"When I say a word, it means exactly what I choose it to mean. Nothing more and nothing less." — Humpty Dumpty, "Alice in Wonderland"
Mr. Repohl's extensive literary allusion a la "Alice in Wonderland" satirising the Congressional debt-ceiling debate is fantastic in two ways:
1) Fantastic in its clever interpolation of Lewis Carroll's classic tale with current political events. I especially enjoyed his characterization of President Obama as the "neutered Dormouse, asleep on the table." Without a doubt, the current chief executive has been asleep at the wheel, careening this nation toward disaster.

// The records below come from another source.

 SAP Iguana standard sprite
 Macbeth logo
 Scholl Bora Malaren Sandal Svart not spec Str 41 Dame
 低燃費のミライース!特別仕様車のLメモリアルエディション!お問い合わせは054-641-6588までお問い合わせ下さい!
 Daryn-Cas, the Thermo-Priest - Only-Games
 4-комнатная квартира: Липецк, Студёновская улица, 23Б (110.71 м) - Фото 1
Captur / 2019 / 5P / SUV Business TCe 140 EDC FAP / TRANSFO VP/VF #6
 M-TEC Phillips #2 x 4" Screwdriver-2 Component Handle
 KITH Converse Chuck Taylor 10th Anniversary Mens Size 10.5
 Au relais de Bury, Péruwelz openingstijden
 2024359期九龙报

Like an emasculated Queen of Hearts, Obama keeps shouting "Off with his head!" at every passing politician, both from current and previous administrations, while thinking of six or seven impossible ways to revive the economy, which he has made slowly moribund with his left-leaning interventions.

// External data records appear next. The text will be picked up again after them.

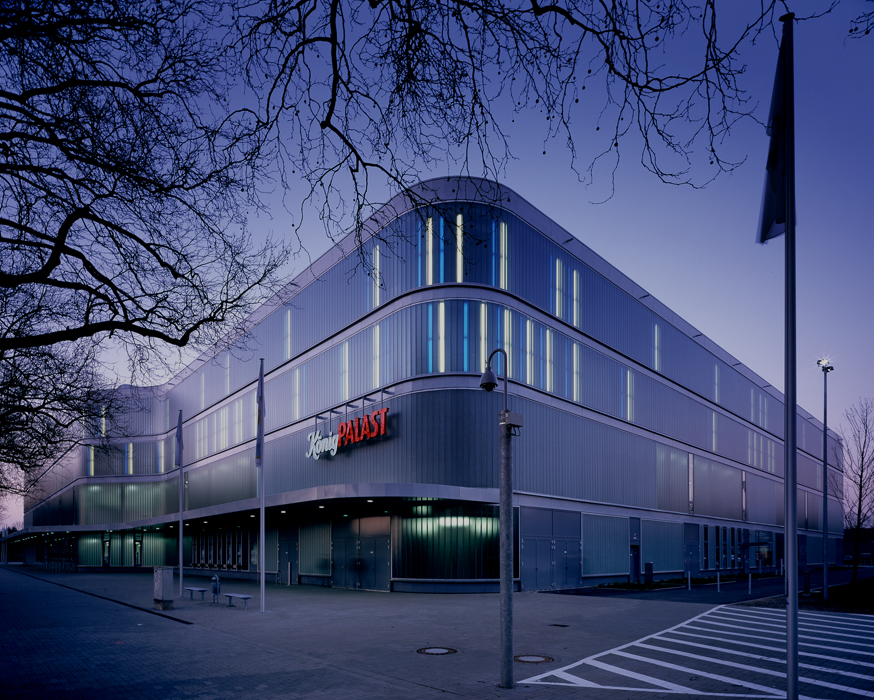 YAYLA ARENA KREFELD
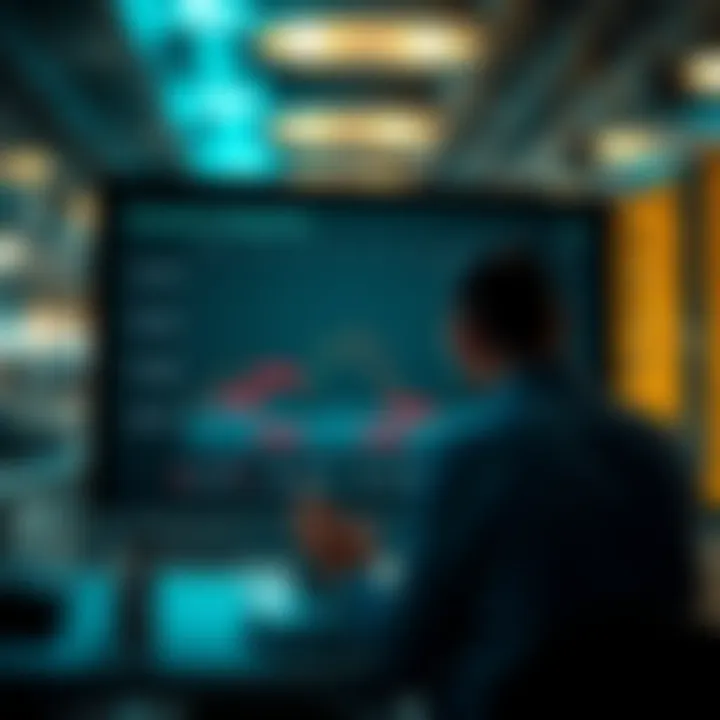 Diagram demonstrating effective use of an economic calendar to enhance Forex investment strategies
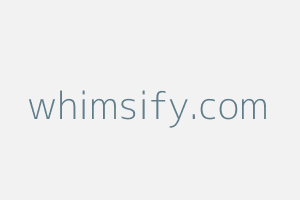 Image of Whimsify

2) Fantastic also for its ruinous interpretation of the current Congress, particularly the Tea Party movement.
In the whimsical spirit of his lengthy send-up of Congress, including the maddening "Tea Party," I would like to apply some scrutiny to the implications made by the author.
He characterizes the stalwart efforts of fiscal conservatives in Congress as "self-absorption dissolving into pettiness." Since when have we denounced Congressmen voting the will of their constituents as "self-absorption"? The Tea Party caucus is forcing this government to face an issue which up to now has been roundly ignored and passed over–the outrageous debt and annual deficits eating away at our present and impoverishing our future.

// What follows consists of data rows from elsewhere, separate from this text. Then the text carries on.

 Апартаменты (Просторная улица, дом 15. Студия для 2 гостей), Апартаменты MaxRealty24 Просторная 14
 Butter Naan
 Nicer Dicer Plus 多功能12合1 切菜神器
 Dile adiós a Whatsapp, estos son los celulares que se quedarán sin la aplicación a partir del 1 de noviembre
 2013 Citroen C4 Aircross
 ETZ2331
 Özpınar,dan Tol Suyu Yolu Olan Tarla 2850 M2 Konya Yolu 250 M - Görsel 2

The writer then disdainfully derides Congressional negotiations thus: "The so-called “debates” endlessly swirling around the debt-ceiling issue were goofier than the conversation at the Hatter’s party."
Once again, it would appear that liberal interests, including this author, are more inclined to see this nation spend money the way the Mad Hatter and company celebrate "Un-birthdays". This is both unconscionable and unacceptable.
Then he writes: "And all the while, the economy sputters, the poor and sick are pushed from the table while the fat lick up the butter. "
If this country cannot control cost, the poor and the sick won't even have a table to sit at, let alone scraps to pick at. This writer, like many who defend the larger role of government, still seem to think of the national budget like the cake Alice served to the Lion and the Unicorn: serve first, then it will cut itself. Sheer madness, to say the least.
And as for “The common good”, those words as meaningless as a stanza from “Jabberwocky." Like the scrambled and bewildered Humpty-Dumpty, the writer seems content to let words mean what they will, yet fails to communicate the fact that the "common good" for this country will be undone once and for all if we insist on providing for the "common good" of the poor, sick, elderly, unemployed, young, or those schooled in dependence to the state.